At run-time, the TOOLBUS is used to connect components (the ones that have been implemented manually as well as the ones that have been generated) and they can be combined in many ways. In this way, tailored systems can be constructed easily.

4 Perspective


We will now briefly summarize the software engineering approach presented here (Section 4.1) and discuss the relation with other approaches (Section 4.2). We conclude with a number of research topics: how to find components for reuse (Section 4.3), and the rôle of cost models for software (Section 4.4).

4.1 An emerging software engineering methodology


The evolutionary approach we have sketched in this paper can be characterized by the following principles:

We have illustrated all these principles with techniques and examples from our own experience. The same principles can, however, also be applied based on other technology.

4.2 Relation with other approaches

  Contrary to popular belief, object-oriented languages do not form a panacea for software engineering in general and reuse in particular. FF95 show that reuse does not depend on the implementation language used. In particular, of the two OO languages appearing in their survey (SmallTalk and C++) no positive effect on reuse was found. You93 gives arguments for this. This explains why we have stressed the importance of heterogeneity: being able to combine programs written in different languages.

Although communication infrastructures like, for instance, CORBA CORBA-arch96 also enable building multi-language applications, they do not provide the strong separation between coordination and computation as we do.

Contrary to many software engineering frameworks or approaches based on formal techniques, we take a very liberal stand: our evolutionary, component-based, approach is neutral to and can be combined with many different--formal or informal--methodologies and techniques.

4.3 Identifying components for reuse


Recalling the discussions on code scavenging as a technique for reuse (Section 1.2) and on forward engineering versus reverse engineering (Section 2.1), we observe that there are two approaches to define components for reuse: (i) the a priori definition of parameterized components, and (ii) the post facto recovery of components from existing code.

Parameterized data types, such as modules and components, have a long history in computer science and they have been applied successfully in many projects.

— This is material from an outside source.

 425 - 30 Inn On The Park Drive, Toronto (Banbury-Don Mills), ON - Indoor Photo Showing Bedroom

Defining a parameterized data type anticipates the reuse of the data type by establishing which parts can vary (the parameters) and which parts are fixed (all other aspects of the data type). Depending on the context, type constraints may be imposed on the instantiation of the parameters. Parameterized data types correspond, for example, to generics in Ada, and templates in C++. Reuse of parameterized data types is hindered by the fixed parameters--the data type could lend itself to more forms of reuse than can be expressed by the fixed set of parameters--and by limitations of static type constraints that forbid dynamic forms of polymorphism.

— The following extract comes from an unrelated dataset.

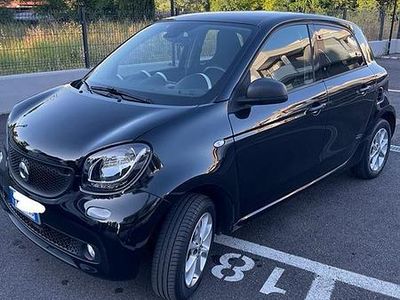Usata Smart ForFour 61 CV (44 kW) 2018 Nero Utilitaria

Parameterized components can also be recovered from existing code. One approach is to analyze existing code and search for strong correlations between data and code DK97. The outcome of such an analysis can be either code restructuring or conversion of the existing code into class definitions in an object-oriented language. MLM96 describe the use of metrics for finding function clones. Another approach is to manually ``frame'' existing code fragments into reusable components to which parameters are added as needed Bas96. Various fragments from the original code can then be regenerated from a single, reusable, frame by means of formalized low-level editing operations. In this way the set of reusable frames can slowly grow, thus decreasing the size of the code base that has to be maintained.

We conclude that techniques stemming from research on parameterized data types (type constraints, syntax-directed view on modules) and from the reengineering field (clustering, framing) could be fruitfully combined to open new perspectives on finding and defining reusable components.

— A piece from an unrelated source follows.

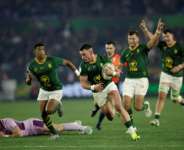Jesse Kriel runs into score the clinching try as South Africa held off determined Scotland.  By PHILL MAGAKOE (AFP)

4.4 Usage-based cost models for components

  Cox96 argues that there is no economic incentive for building high-quality, reusable, software components. In his view, the mere notions of owning, selling and buying electronic property--such as software--form the key problem. The current pay-per-copy schemes for software distribution prevent easy experimentation with new software products and make it hard to establish a realistic price for each product that is based on its inherent characteristics such as, for instance, functionality, implementation effort, or lines of code. Instead, the distribution of software should be free and payment should be based on pay-per-use schemes. He proposes a new commercial infrastructure that opens up the potential for using large systems that are composed of many components, where each use of a component directly generates revenues for its owner/implementor. Since components can easily be replaced by better (and cheaper) ones, a competition between component manufacturers will emerge.

We agree with Cox's vision and observe that the software engineering approach we propose in this paper is compatible with it: pay-per-use schemes can easily be incorporated in the coordination architecture we have described. Issues to be addressed are security and confidentiality of the payment transactions and compatibility with emerging standards for electronic commerce.

5 Acknowledgments

Section 3.2 is based on a text from a research proposal co-authored by Arie van Deursen.


[Arnold et al.]Arnold, van Deursen Res1995AvDR95 Arnold, B.R.T., A. van Deursen M. Res 1995, An algebraic specification of a language for describing financial products, in `ICSE-17 Workshop on Formal Methods Application in Software Engineering', IEEE, pp. 6-13.

Baeten Verhoef1995BV95 Baeten, J.C.M. C. Verhoef 1995 , Concrete process algebra, in `Handbook of Logic in Computer Science, Volume IV, Syntactical Methods', Oxford University Press, pp. 149-268.

Baeten Weijland1990BW90 Baeten, J.C.M. W.P. Weijland 1990, Process Algebra, Cambridge Tracts in Theoretical Computer Science 18, Cambridge University Press.

[Basili et al.]Basili, Caldiera Cantone1992BCC92 Basili, V.R., G. Caldiera G. Cantone 1992, `A reference architecture for the component factory', ACM TOSEM 1(1), 53-80.

Bassett1996Bas96 Bassett, P.G. 1996, Framing Software Reuse, Yourdon Press, Prentice-Hall.

Bergstra Klint1996aTB-COORD96 Bergstra, J.A. P. Klint 1996 a, The TOOLBUS coordination architecture, in P.Ciancarini C.Hankin, eds, `Coordination Languages and Models', Vol. 1061 of LNCS, pp. 75-88.

Bergstra Klint1996bTB-AMAST96 Bergstra, J.A. P. Klint 1996 b, The discrete time TOOLBUS, in M.Wirsing M.Nivat, eds, `Algebraic Methodology and Software Technology', Vol. 1101 of LNCS, Springer-Verlag, pp. 286-305.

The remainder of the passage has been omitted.